I also checked a bunch of backend died: QEMU exited unexpectedly, see log …
jobs and they all looked like this:
[2021-09-23T20:33:47.508 CEST] [warn] !!! : qemu-system-x86_64: -blockdev driver=qcow2,node-name=hd0-overlay0,file=hd0-overlay0-file,cache.no-flush=on: Could not open backing file: Image is not in qcow2 format
As @osukup has already mentioned the qcow2 image is possibly damaged. Maybe that's related to the web UI being overloaded?
Judging by the GRU logs the asset cleanup was running at the same time so the load on assets drive was certainly high. Unfortunately logs of the main openQA service aren't available anymore.
Updated by okurz about 3 years ago
- Category set to Regressions/Crashes
okurz wrote:
Good investigation. So what do you suggest to do so that reviewers don't need to manually retrigger?
So in general I think our approach should be retrying in all the cases where it could help. In the end users would not do anything different but retrigger jobs, right?

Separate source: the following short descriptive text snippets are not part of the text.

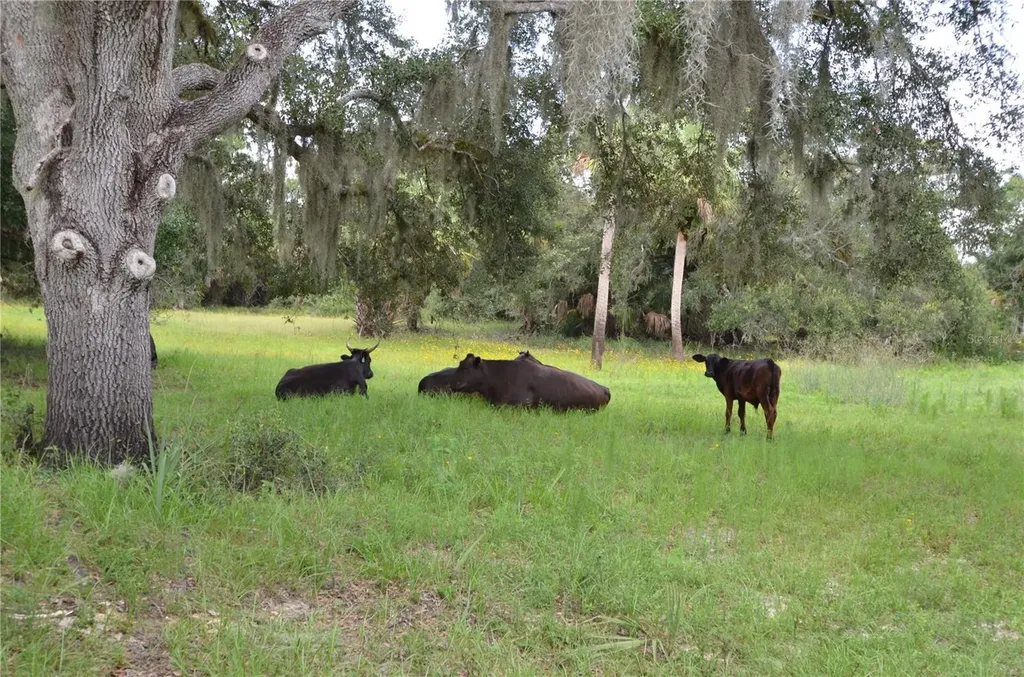 0 SE Highway 31 Arcadia FL 34266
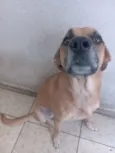 Petisco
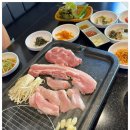 돈돼지돈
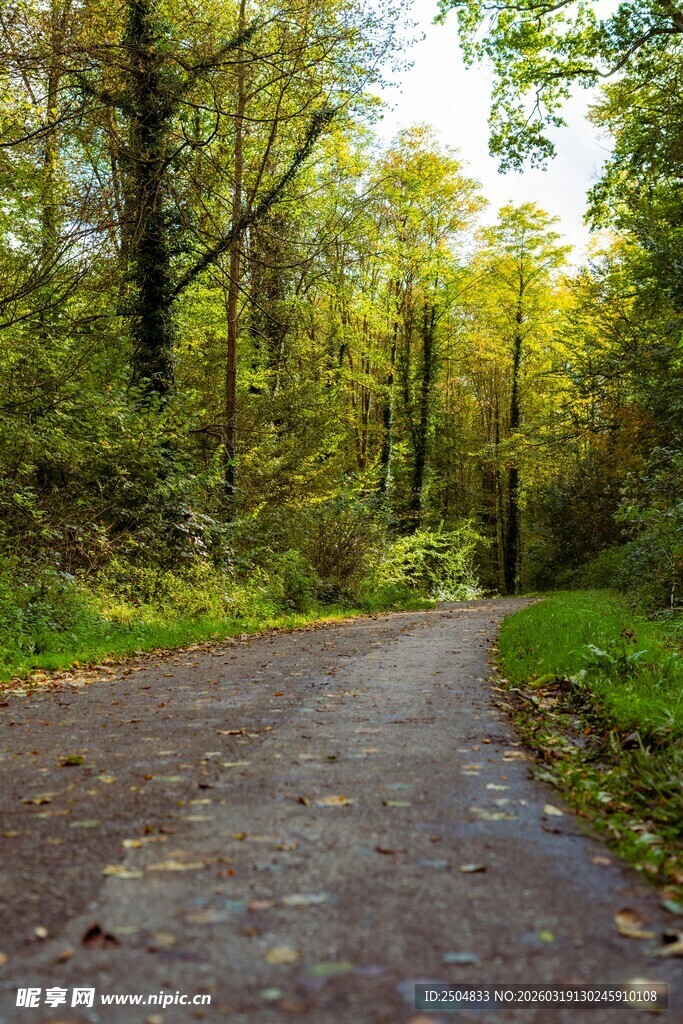 林间幽静小路 秋意盎然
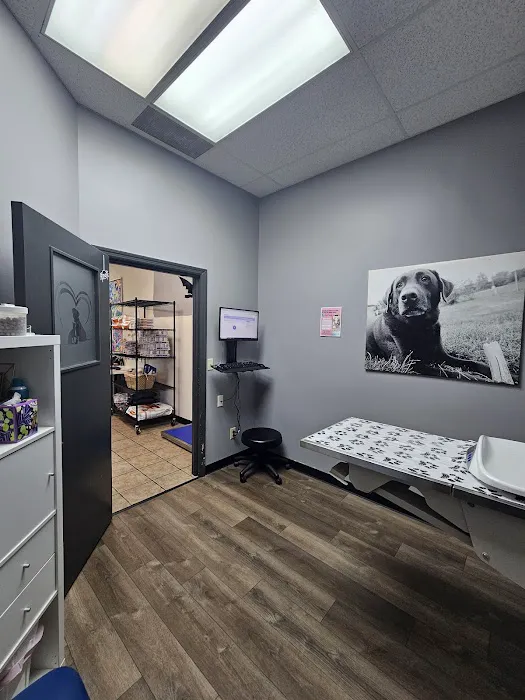 Animal Medical Center Wentzville Picture 7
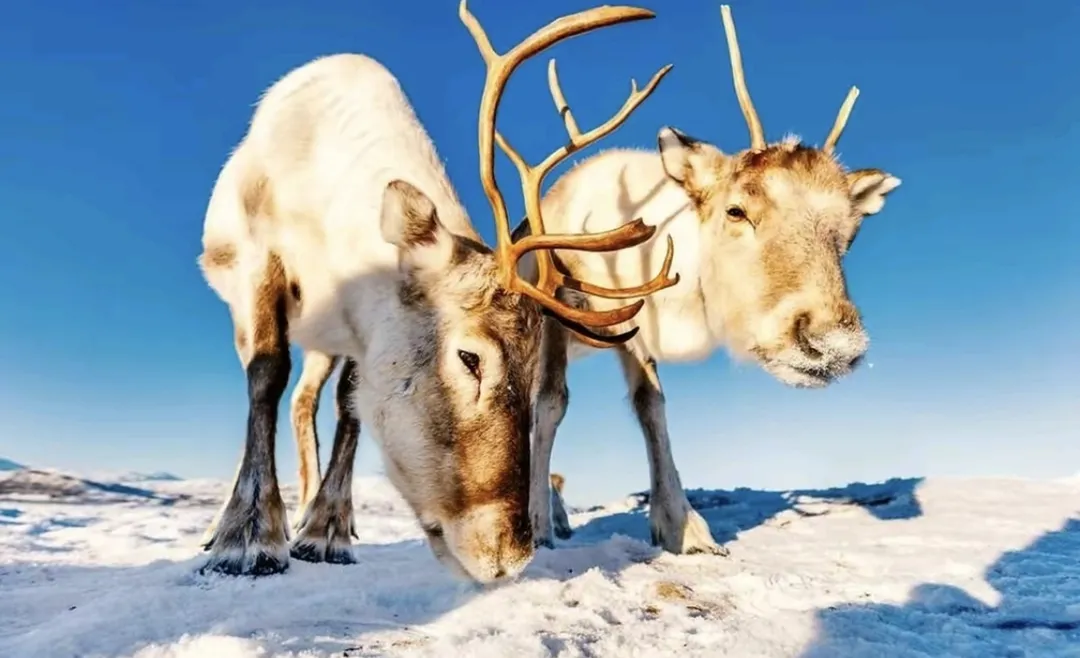 f3477f6066aec8189f3761d02c3bd0d2-sz_1202226 f3477f6066aec8189f3761d02c3bd0d2-sz_1202226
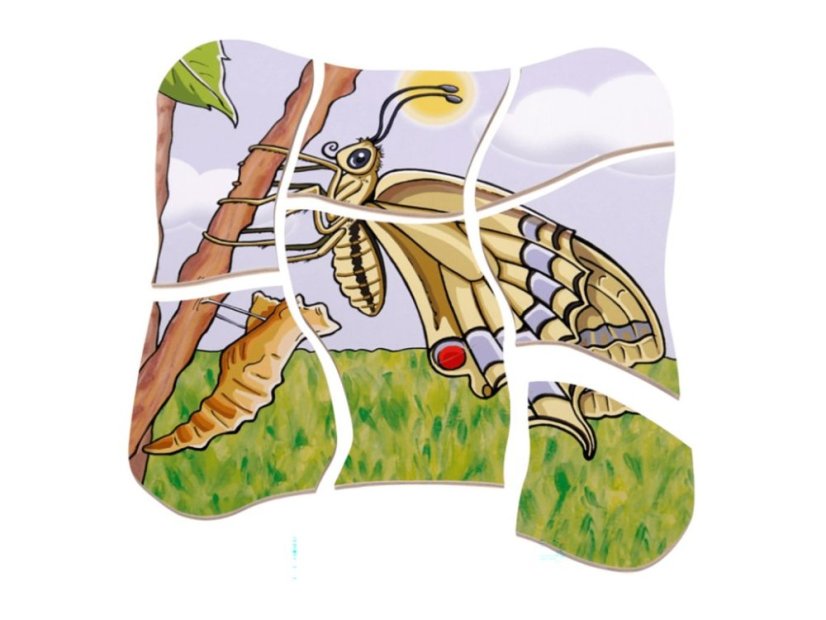 Beleduc Vývojové vrstvené puzzle MOTÝĽ
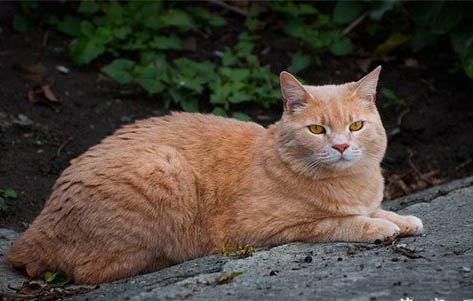 猫一年相当于几岁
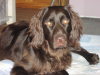 Duitse Staande Hond, Langhaar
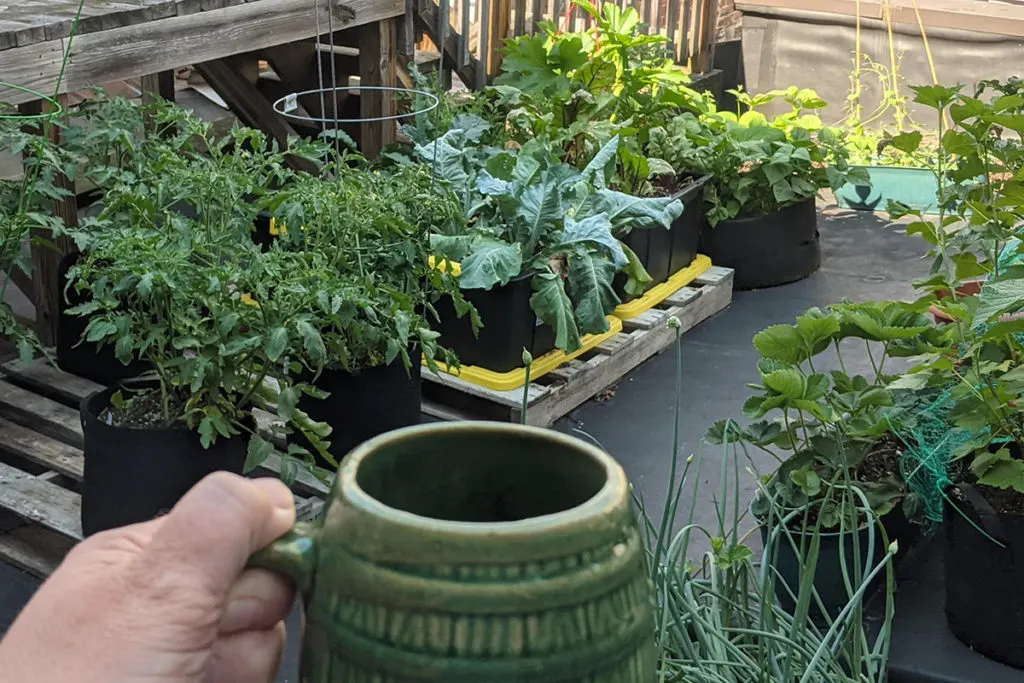 In the foreground is my hand raising a mug of coffee. Beyond that is my rooftop garden. There are storage totes set up on wood pallets with cauliflower, kale and beets growing in them. Grow bags with tomatoes, beans, zucchini, onions, strawberries, cucamelons and blueberry bushes planted in them. 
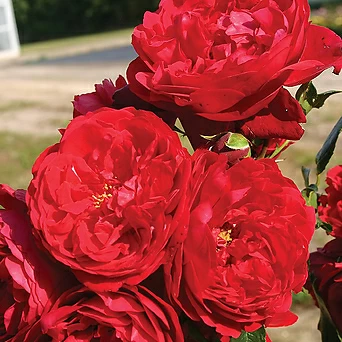 플로렌티나 6치 포트 (3지 이상) 빨강꽃 정원장미 사계장미  독일장미 묘목 넝쿨장미 1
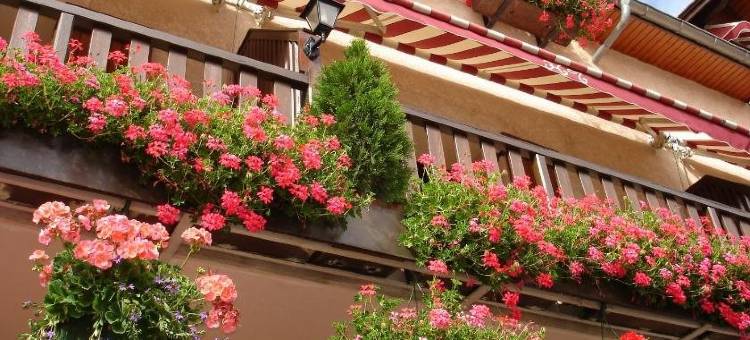 博斯特酒店(Hotel de la Poste)图片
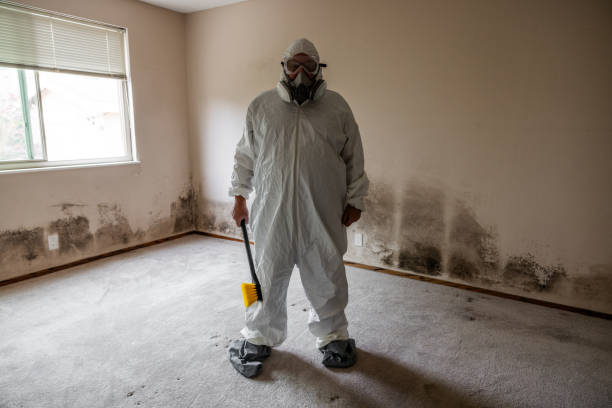 Professional Mold Removal in Danville, AR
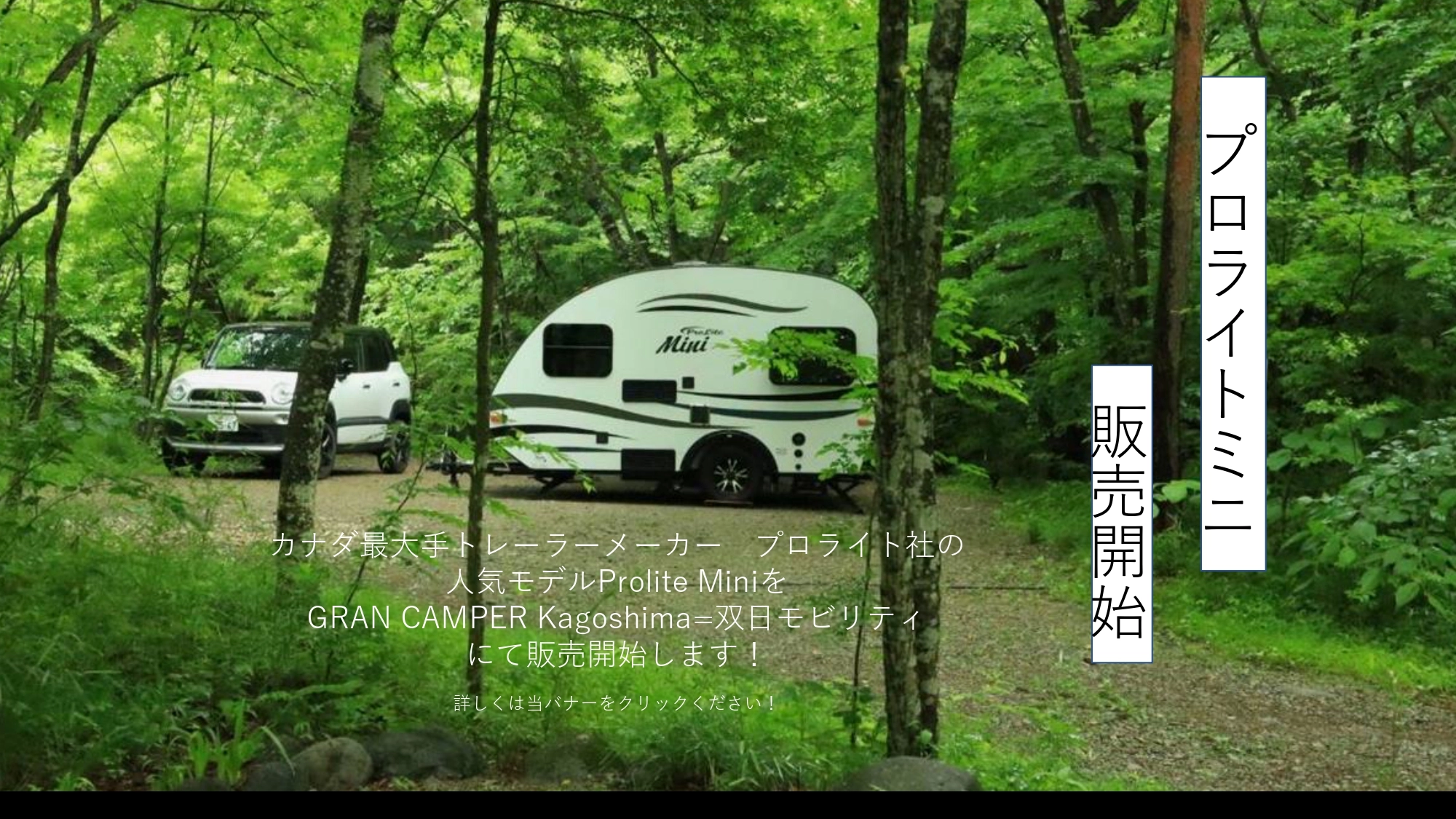 プロライト　バナー 　最終稿_page-0001.jpg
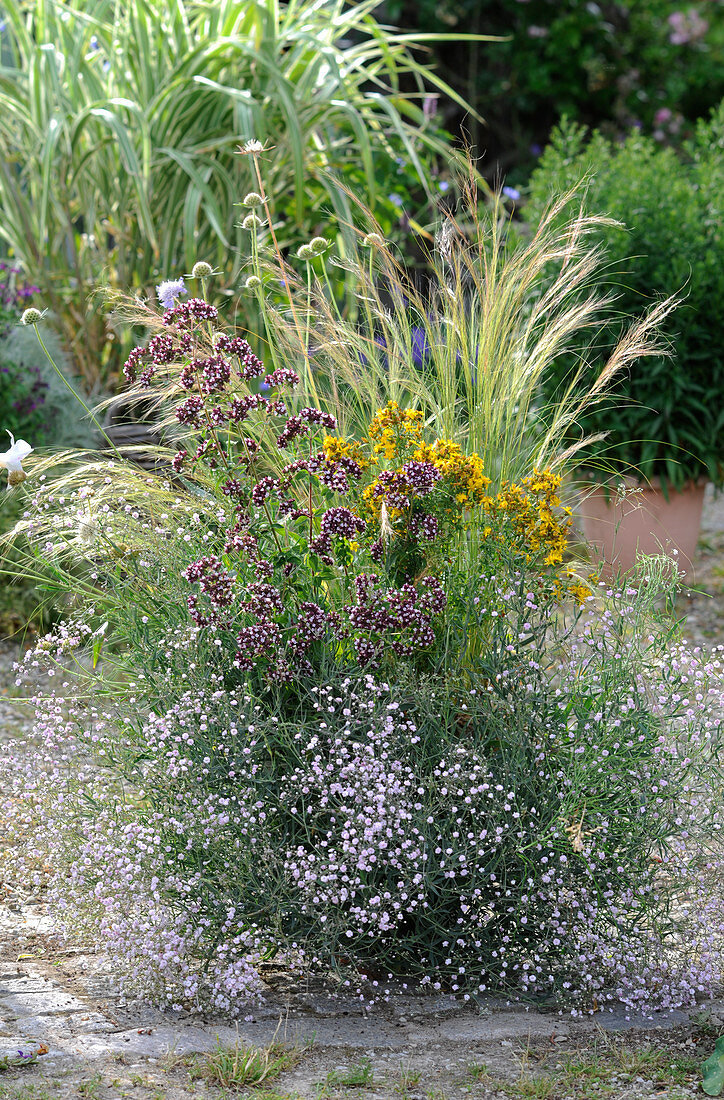 Bee-friendly planting: oregano, St. John's wort, gypsophila, scabious and feather grass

Updated by mkittler about 3 years ago
- Related to action #99396: Incompletes with auto_review:"api failure: Failed to register .* 503":retry should be restarted automatically added
Updated by mkittler about 3 years ago
- Related to action #99399: openQA (or auto-review) can restart the parent job in case of certain incompletes added
Updated by okurz about 3 years ago
- Subject changed from [Alerting] Incomplete jobs (not restarted) of last 24h alert on 2021-9-24 size: to [Alerting] Incomplete jobs (not restarted) of last 24h alert on 2021-9-24
- Description updated (diff)
- Status changed from Workable to In Progress
Paused alerts, extended suggestions
Updated by mkittler about 3 years ago
Updated by okurz about 3 years ago
https://gitlab.suse.de/openqa/salt-states-openqa/-/merge_requests/591 to exclude "tests died" incompletes.
Updated by mkittler about 3 years ago
- Status changed from In Progress to Feedback
I've been running ./openqa-monitor-investigation-candidates
and ./openqa-label-known-issues
to restart the incompletes for #99396. I've checked a few job IDs and they have been restarted, indeed.
Currently there are still too many incompletes so the alert fired again but has been paused. The number of incompletes increased again shortly after '2021-09-27T20:00:00'
. However, almost all of them are because tests died and indeed look irrelevant to us (a YAML file is missing). So the alert should turn off when https://gitlab.suse.de/openqa/salt-states-openqa/-/merge_requests/591 is merged. Then I can resume the alert again.
Updated by okurz about 3 years ago
- Status changed from Feedback to Resolved
there you go: https://monitor.qa.suse.de/d/nRDab3Jiz/openqa-jobs-test?viewPanel=17&orgId=1&from=1632850722713&to=1632854049029
I resumed the alert and it's fine. As we have enough follow-up tasks identified we are good to call this resolved.